> **TASK MATERIAL**
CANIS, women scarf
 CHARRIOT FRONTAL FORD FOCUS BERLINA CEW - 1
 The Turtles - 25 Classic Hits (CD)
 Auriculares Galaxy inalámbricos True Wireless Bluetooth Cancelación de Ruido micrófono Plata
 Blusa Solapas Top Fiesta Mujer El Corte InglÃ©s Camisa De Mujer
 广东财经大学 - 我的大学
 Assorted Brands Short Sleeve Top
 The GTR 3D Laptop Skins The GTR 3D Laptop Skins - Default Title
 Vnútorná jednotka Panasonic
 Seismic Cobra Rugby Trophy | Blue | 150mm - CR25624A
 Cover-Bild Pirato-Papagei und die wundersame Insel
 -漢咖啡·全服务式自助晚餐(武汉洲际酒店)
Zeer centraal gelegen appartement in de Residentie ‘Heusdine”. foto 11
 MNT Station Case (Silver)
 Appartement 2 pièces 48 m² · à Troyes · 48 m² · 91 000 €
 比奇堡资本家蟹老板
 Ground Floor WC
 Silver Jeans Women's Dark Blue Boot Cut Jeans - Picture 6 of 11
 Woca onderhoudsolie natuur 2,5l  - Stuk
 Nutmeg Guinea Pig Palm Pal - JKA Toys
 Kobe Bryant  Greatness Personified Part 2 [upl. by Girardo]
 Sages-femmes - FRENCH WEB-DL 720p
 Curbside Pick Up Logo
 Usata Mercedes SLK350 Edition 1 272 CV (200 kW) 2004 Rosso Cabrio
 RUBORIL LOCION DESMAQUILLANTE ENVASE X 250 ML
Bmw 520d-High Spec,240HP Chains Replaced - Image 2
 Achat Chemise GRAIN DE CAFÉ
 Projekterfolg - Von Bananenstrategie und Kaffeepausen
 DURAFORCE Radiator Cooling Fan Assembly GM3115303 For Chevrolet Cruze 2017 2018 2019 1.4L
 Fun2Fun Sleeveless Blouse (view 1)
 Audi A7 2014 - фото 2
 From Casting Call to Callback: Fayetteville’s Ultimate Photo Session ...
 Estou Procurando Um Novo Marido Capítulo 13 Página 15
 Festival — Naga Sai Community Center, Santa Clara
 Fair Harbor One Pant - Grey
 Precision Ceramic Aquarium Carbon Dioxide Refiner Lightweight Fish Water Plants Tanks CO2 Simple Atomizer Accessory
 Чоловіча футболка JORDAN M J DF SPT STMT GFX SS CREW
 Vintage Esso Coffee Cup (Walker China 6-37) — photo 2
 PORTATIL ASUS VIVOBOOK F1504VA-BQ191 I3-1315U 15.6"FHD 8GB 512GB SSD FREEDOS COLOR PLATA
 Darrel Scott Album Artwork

> **EXERCISE AIM**
Give back all of the data exactly, with every line intact.

> **OUTPUT FOR THIS TASK**
CANIS, women scarf
 CHARRIOT FRONTAL FORD FOCUS BERLINA CEW - 1
 The Turtles - 25 Classic Hits (CD)
 Auriculares Galaxy inalámbricos True Wireless Bluetooth Cancelación de Ruido micrófono Plata
 Blusa Solapas Top Fiesta Mujer El Corte InglÃ©s Camisa De Mujer
 广东财经大学 - 我的大学
 Assorted Brands Short Sleeve Top
 The GTR 3D Laptop Skins The GTR 3D Laptop Skins - Default Title
 Vnútorná jednotka Panasonic
 Seismic Cobra Rugby Trophy | Blue | 150mm - CR25624A
 Cover-Bild Pirato-Papagei und die wundersame Insel
 -漢咖啡·全服务式自助晚餐(武汉洲际酒店)
Zeer centraal gelegen appartement in de Residentie ‘Heusdine”. foto 11
 MNT Station Case (Silver)
 Appartement 2 pièces 48 m² · à Troyes · 48 m² · 91 000 €
 比奇堡资本家蟹老板
 Ground Floor WC
 Silver Jeans Women's Dark Blue Boot Cut Jeans - Picture 6 of 11
 Woca onderhoudsolie natuur 2,5l  - Stuk
 Nutmeg Guinea Pig Palm Pal - JKA Toys
 Kobe Bryant  Greatness Personified Part 2 [upl. by Girardo]
 Sages-femmes - FRENCH WEB-DL 720p
 Curbside Pick Up Logo
 Usata Mercedes SLK350 Edition 1 272 CV (200 kW) 2004 Rosso Cabrio
 RUBORIL LOCION DESMAQUILLANTE ENVASE X 250 ML
Bmw 520d-High Spec,240HP Chains Replaced - Image 2
 Achat Chemise GRAIN DE CAFÉ
 Projekterfolg - Von Bananenstrategie und Kaffeepausen
 DURAFORCE Radiator Cooling Fan Assembly GM3115303 For Chevrolet Cruze 2017 2018 2019 1.4L
 Fun2Fun Sleeveless Blouse (view 1)
 Audi A7 2014 - фото 2
 From Casting Call to Callback: Fayetteville’s Ultimate Photo Session ...
 Estou Procurando Um Novo Marido Capítulo 13 Página 15
 Festival — Naga Sai Community Center, Santa Clara
 Fair Harbor One Pant - Grey
 Precision Ceramic Aquarium Carbon Dioxide Refiner Lightweight Fish Water Plants Tanks CO2 Simple Atomizer Accessory
 Чоловіча футболка JORDAN M J DF SPT STMT GFX SS CREW
 Vintage Esso Coffee Cup (Walker China 6-37) — photo 2
 PORTATIL ASUS VIVOBOOK F1504VA-BQ191 I3-1315U 15.6"FHD 8GB 512GB SSD FREEDOS COLOR PLATA
 Darrel Scott Album Artwork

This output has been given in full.